Work required: Start to finish, return the listing below exactly, pictures excluded.

Raw data:
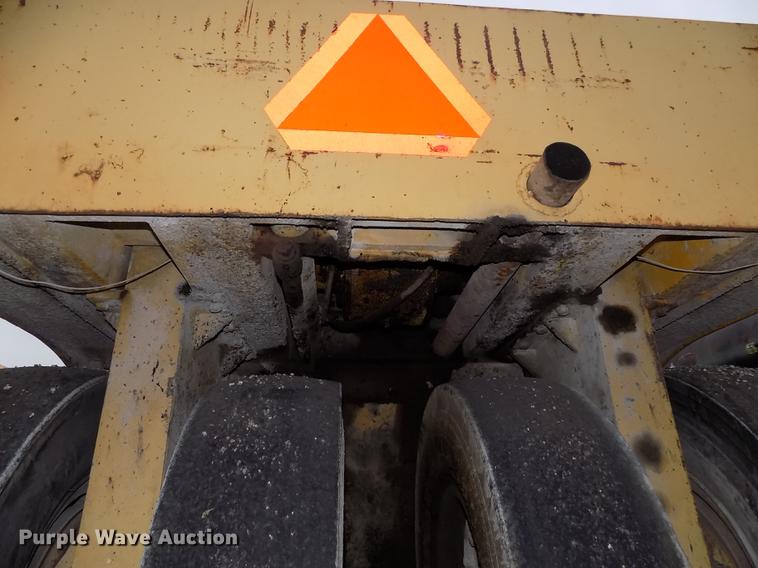 image for item DC4841 Michigan RW140 pneumatic roller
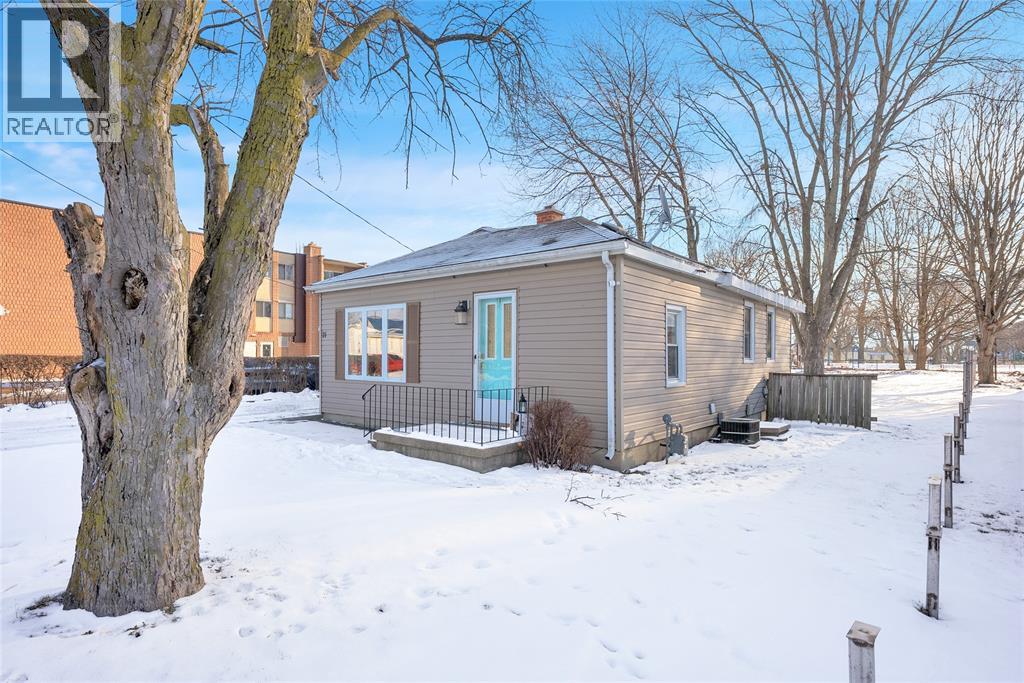 24 Regent Street, Blenheim, Ontario  N0P 1A0 - Photo 34 - 26000145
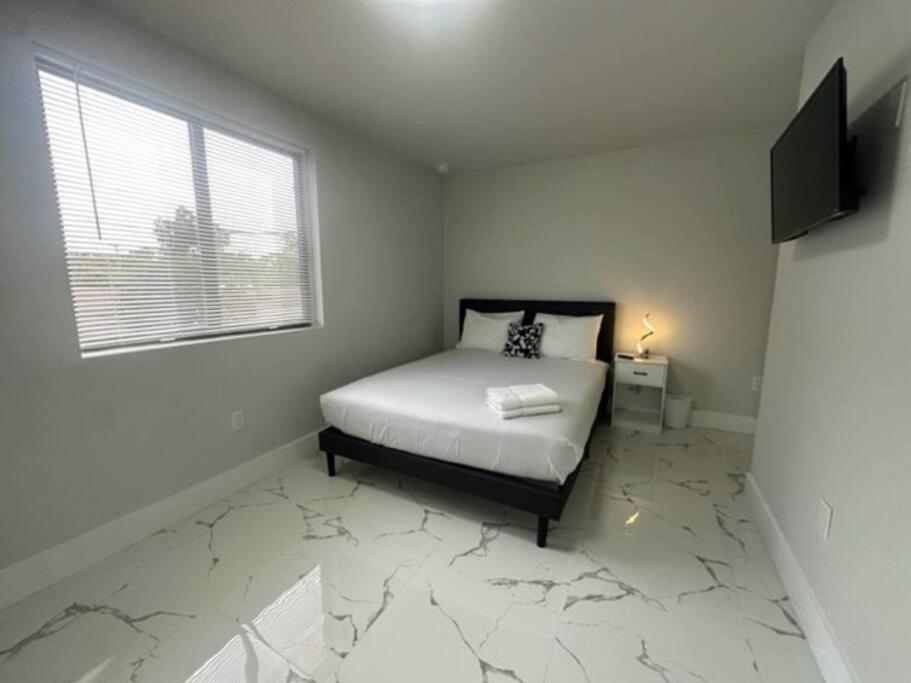 Villa Luxe 3 Bed & 3 Bath Minutes From Design District Miami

Your response:
 image for item DC4841 Michigan RW140 pneumatic roller
 24 Regent Street, Blenheim, Ontario  N0P 1A0 - Photo 34 - 26000145
 Villa Luxe 3 Bed & 3 Bath Minutes From Design District Miami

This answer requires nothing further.